• Your instructions:
Exact copies of all the lines below are wanted, without a single picture.

■ ■ ■ ■ ■

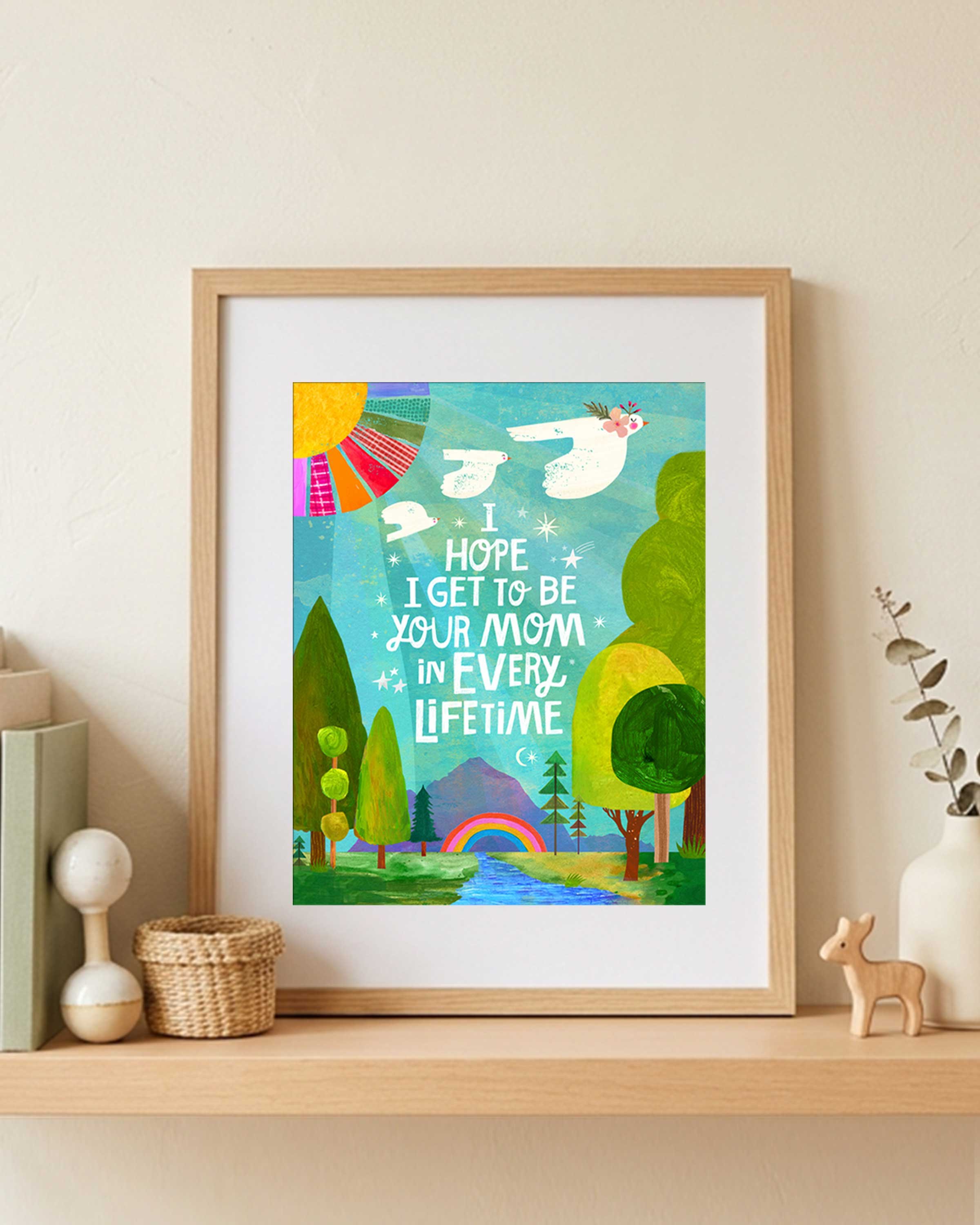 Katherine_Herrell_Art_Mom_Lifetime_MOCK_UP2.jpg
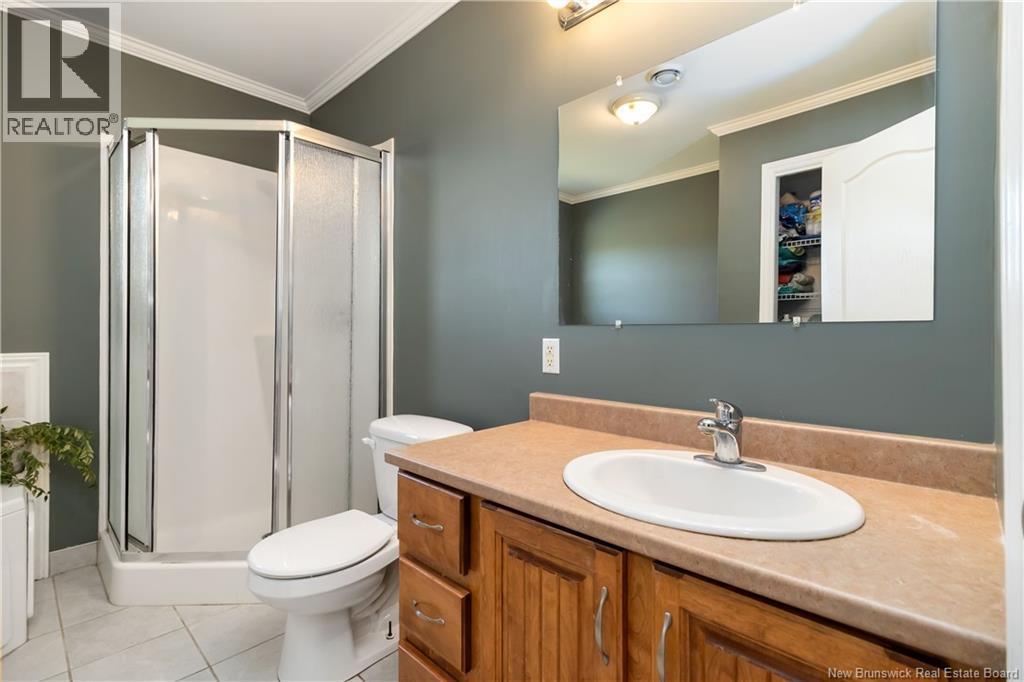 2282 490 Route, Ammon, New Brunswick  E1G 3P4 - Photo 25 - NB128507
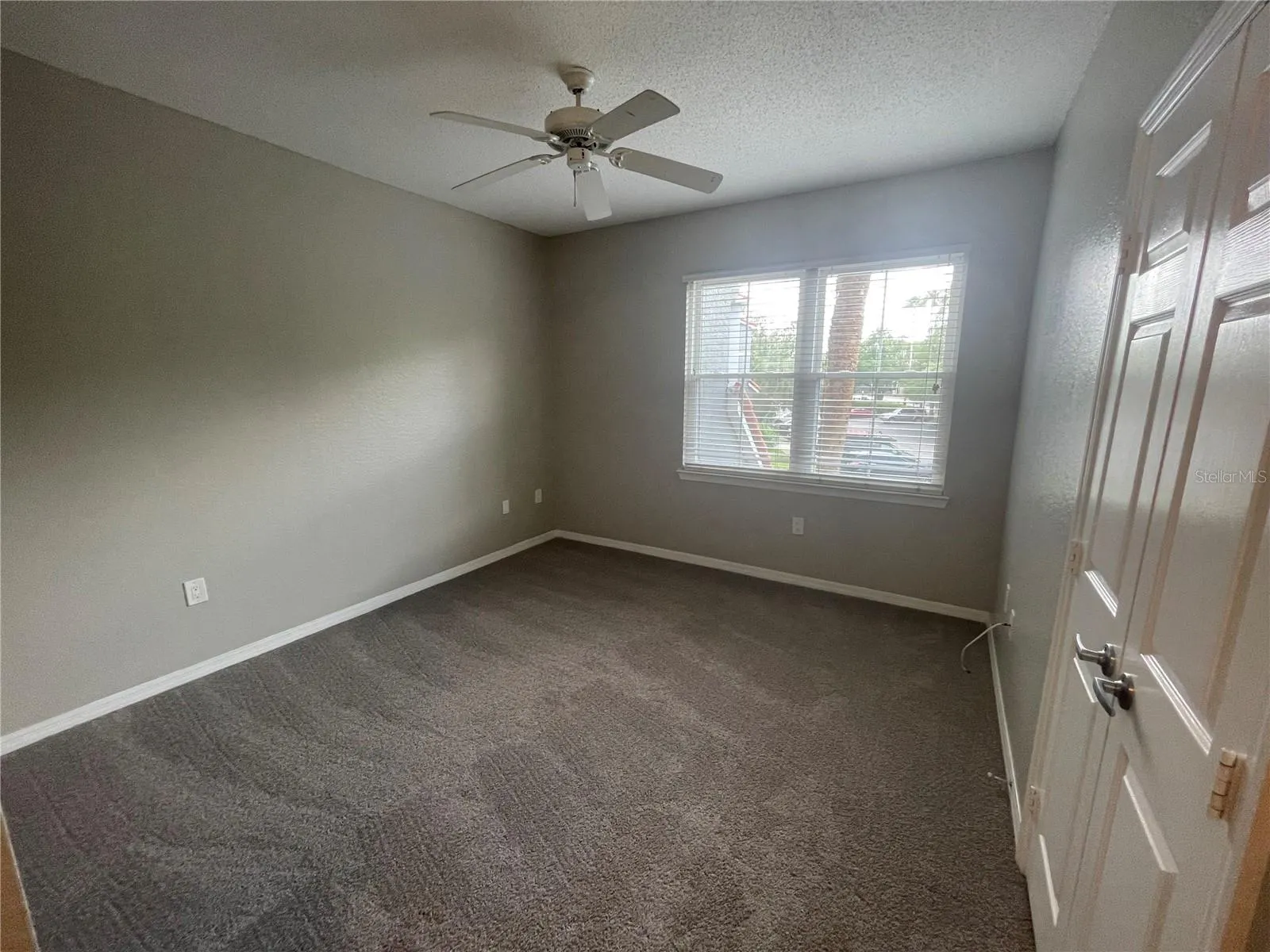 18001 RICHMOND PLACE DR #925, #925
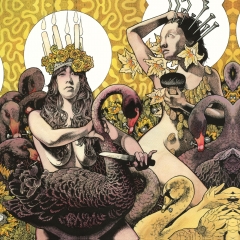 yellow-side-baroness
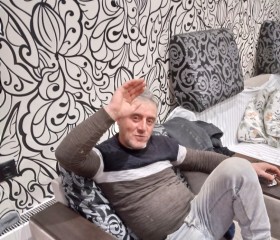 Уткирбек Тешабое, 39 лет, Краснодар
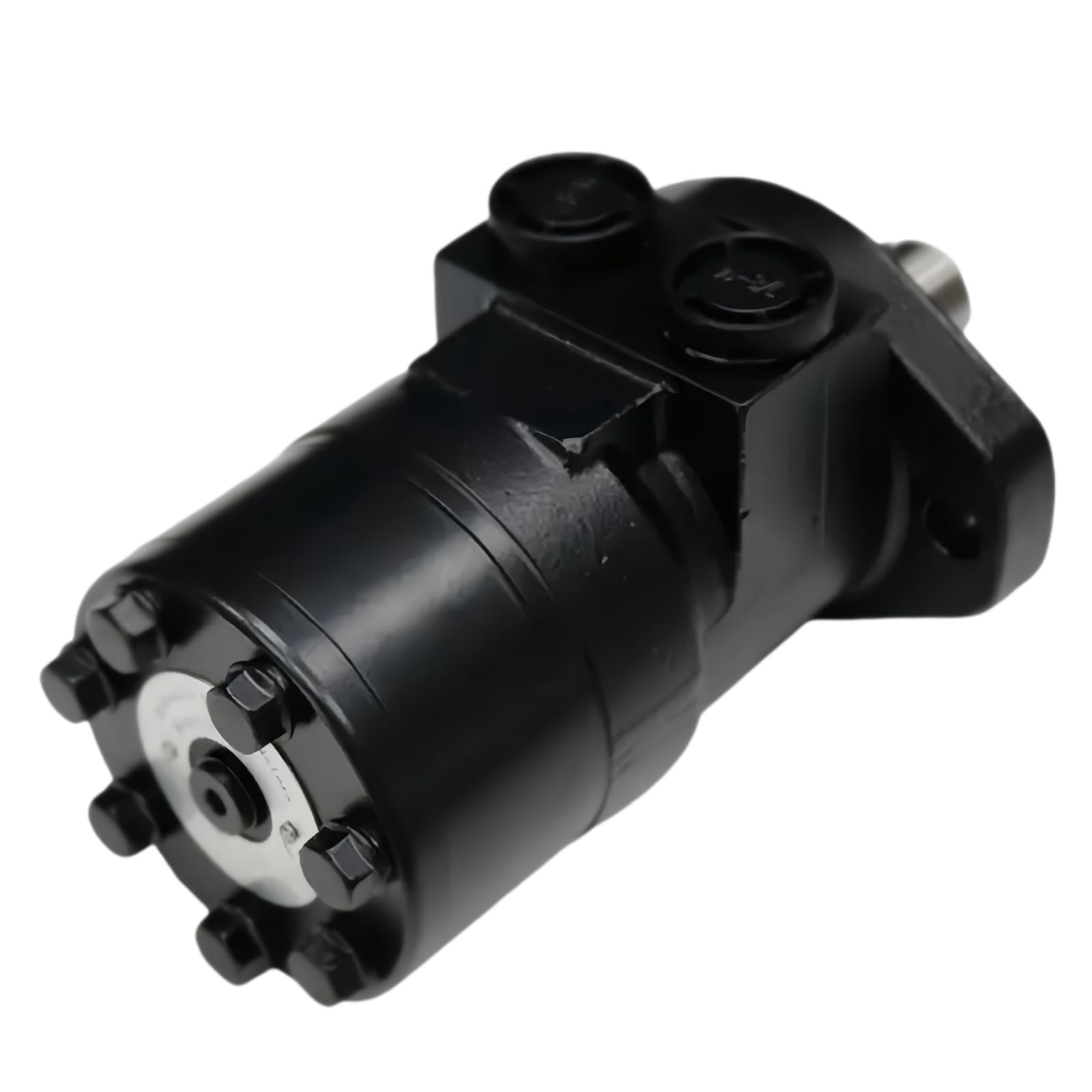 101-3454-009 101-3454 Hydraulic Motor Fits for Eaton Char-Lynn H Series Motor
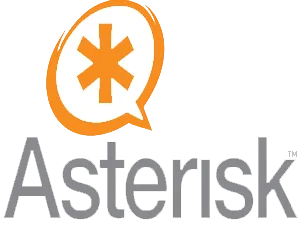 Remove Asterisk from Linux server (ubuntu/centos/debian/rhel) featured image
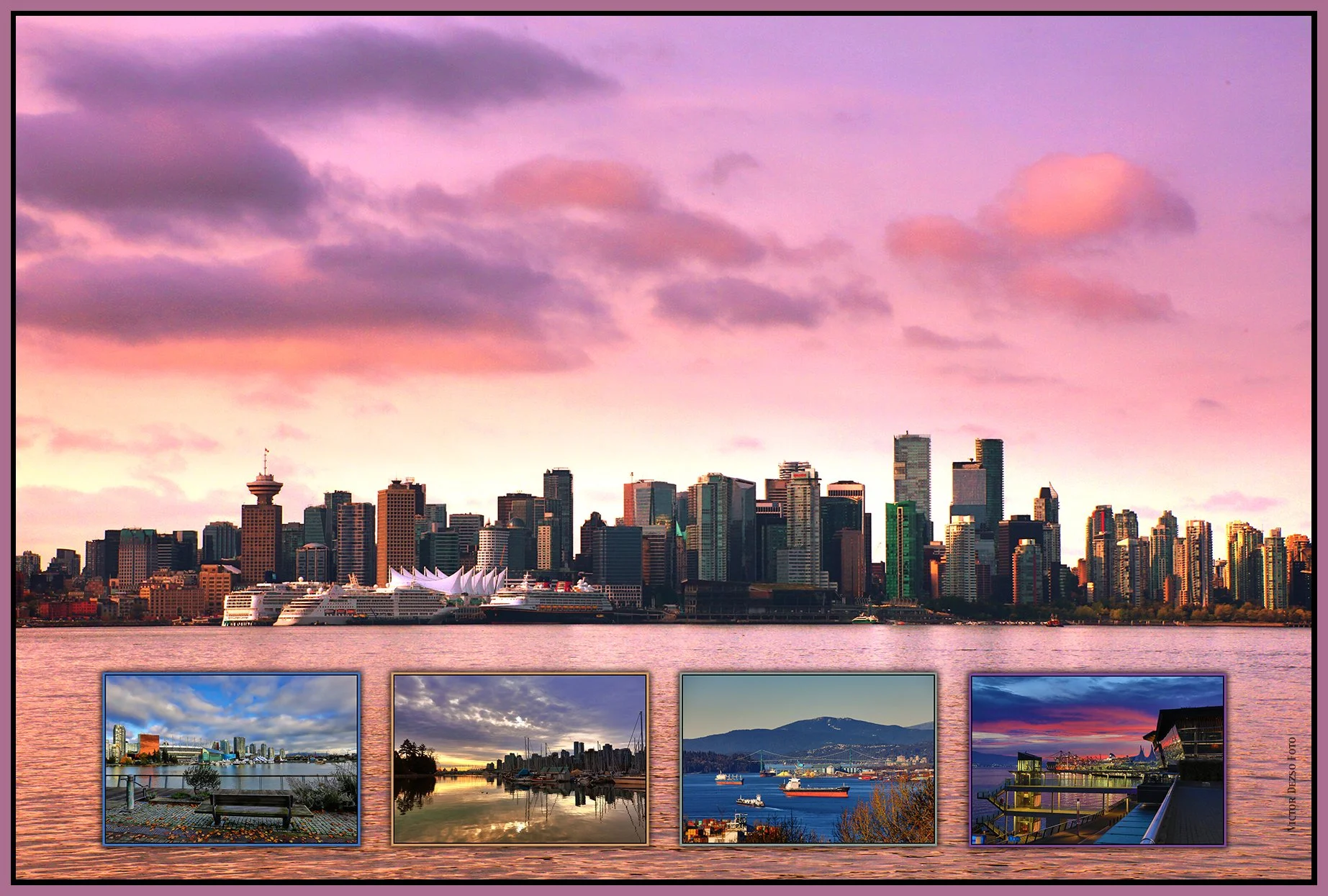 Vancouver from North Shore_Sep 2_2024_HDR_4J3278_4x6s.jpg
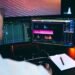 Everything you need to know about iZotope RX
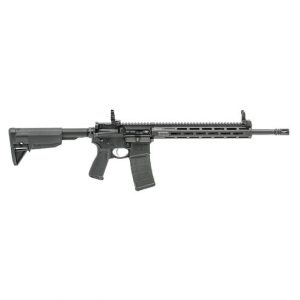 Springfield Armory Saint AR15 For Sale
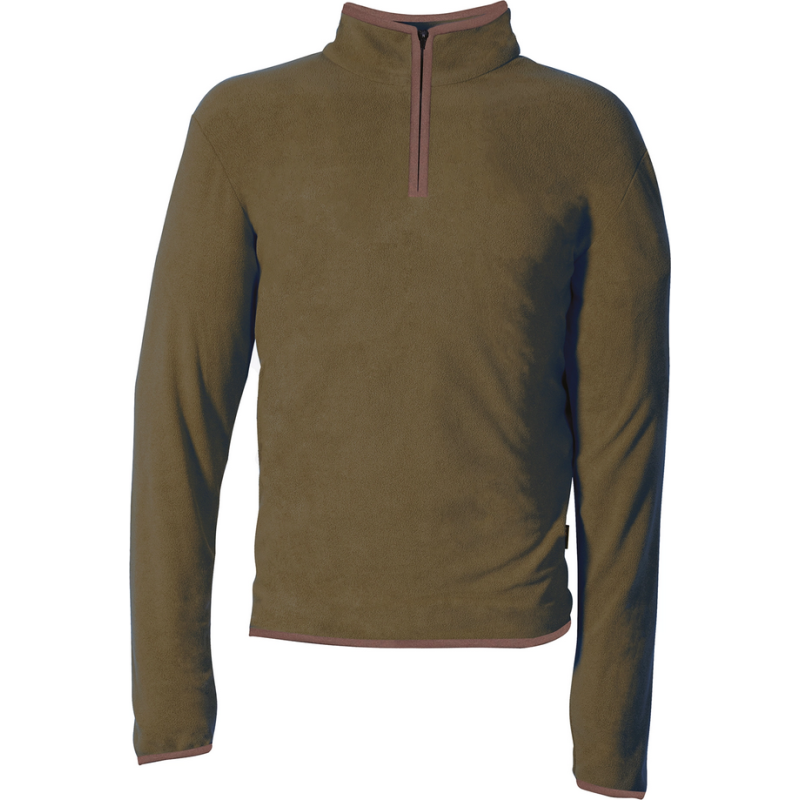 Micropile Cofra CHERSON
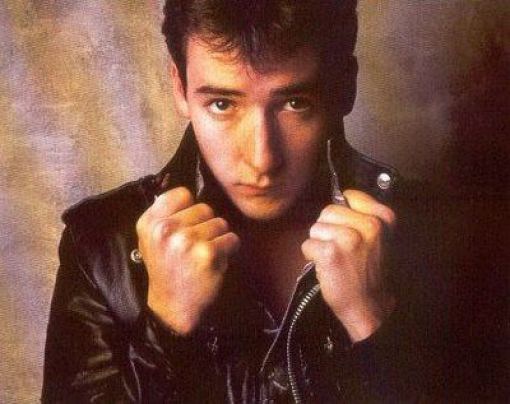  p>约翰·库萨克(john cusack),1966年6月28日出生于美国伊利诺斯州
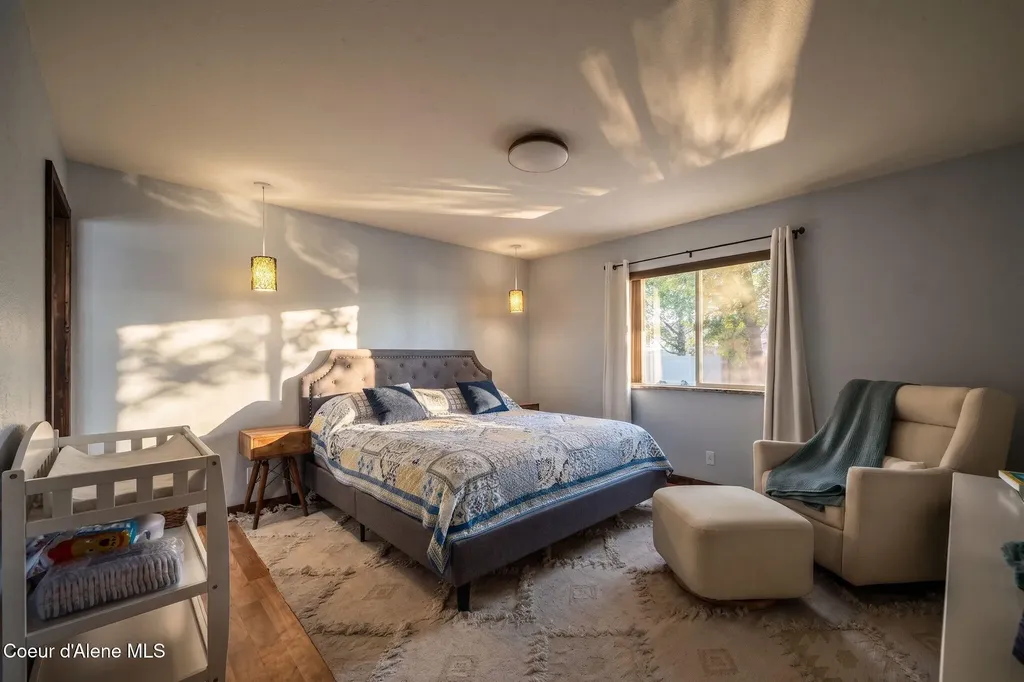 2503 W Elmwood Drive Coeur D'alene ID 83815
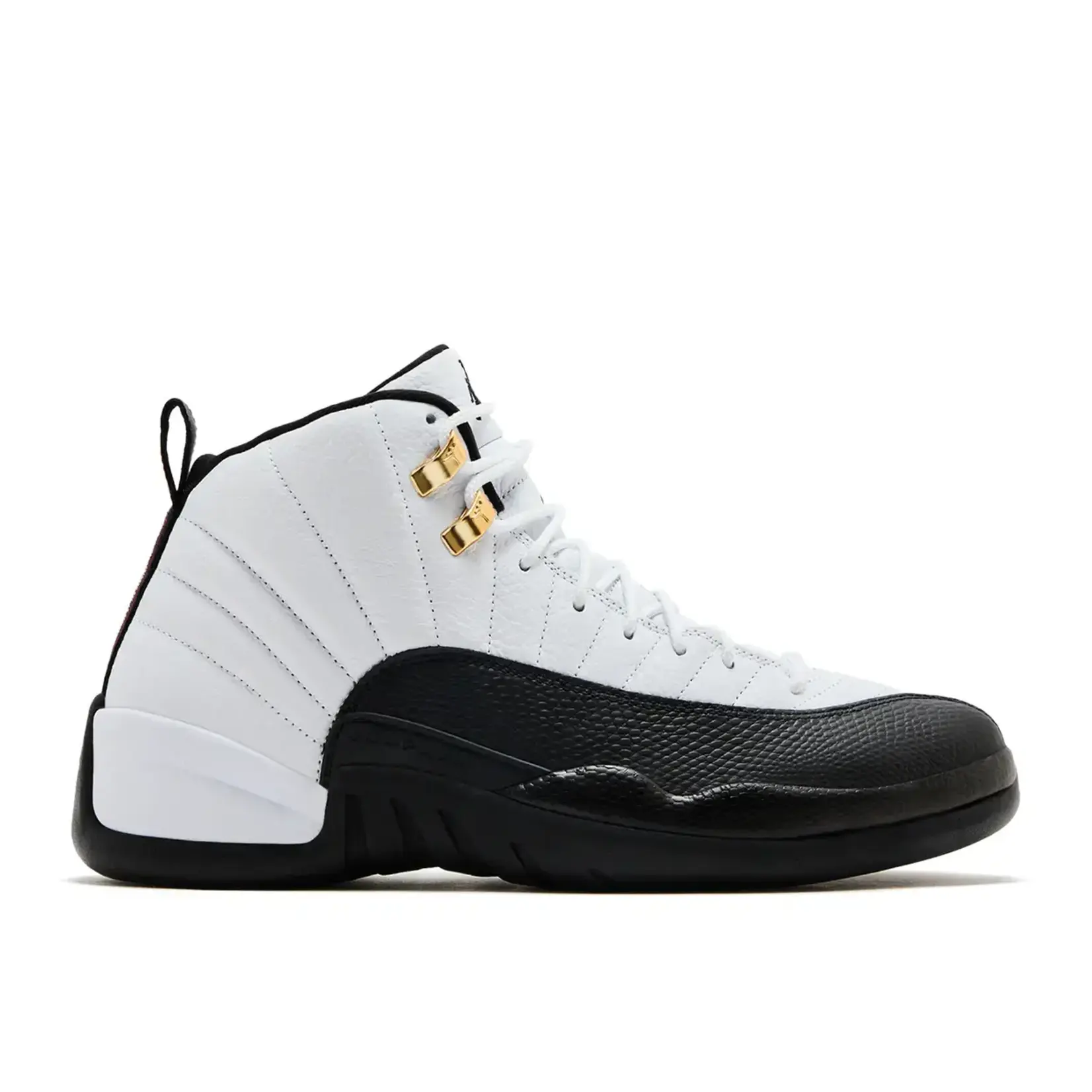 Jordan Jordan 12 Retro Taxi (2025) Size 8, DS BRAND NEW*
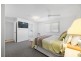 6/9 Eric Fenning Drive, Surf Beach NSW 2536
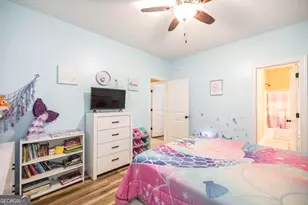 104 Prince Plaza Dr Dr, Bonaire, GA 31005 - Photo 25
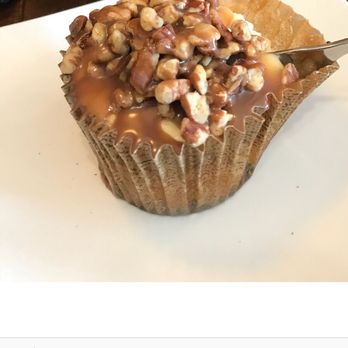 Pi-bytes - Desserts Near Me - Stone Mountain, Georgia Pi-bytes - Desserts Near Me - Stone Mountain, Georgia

■ ■ ■ ■ ■

• Output of the exercise:
 Katherine_Herrell_Art_Mom_Lifetime_MOCK_UP2.jpg
 2282 490 Route, Ammon, New Brunswick  E1G 3P4 - Photo 25 - NB128507
 18001 RICHMOND PLACE DR #925, #925
 yellow-side-baroness
 Уткирбек Тешабое, 39 лет, Краснодар
 101-3454-009 101-3454 Hydraulic Motor Fits for Eaton Char-Lynn H Series Motor
 Remove Asterisk from Linux server (ubuntu/centos/debian/rhel) featured image
 Vancouver from North Shore_Sep 2_2024_HDR_4J3278_4x6s.jpg
 Everything you need to know about iZotope RX
 Springfield Armory Saint AR15 For Sale
 Micropile Cofra CHERSON
  p>约翰·库萨克(john cusack),1966年6月28日出生于美国伊利诺斯州
 2503 W Elmwood Drive Coeur D'alene ID 83815
 Jordan Jordan 12 Retro Taxi (2025) Size 8, DS BRAND NEW*
 6/9 Eric Fenning Drive, Surf Beach NSW 2536
 104 Prince Plaza Dr Dr, Bonaire, GA 31005 - Photo 25
 Pi-bytes - Desserts Near Me - Stone Mountain, Georgia Pi-bytes - Desserts Near Me - Stone Mountain, Georgia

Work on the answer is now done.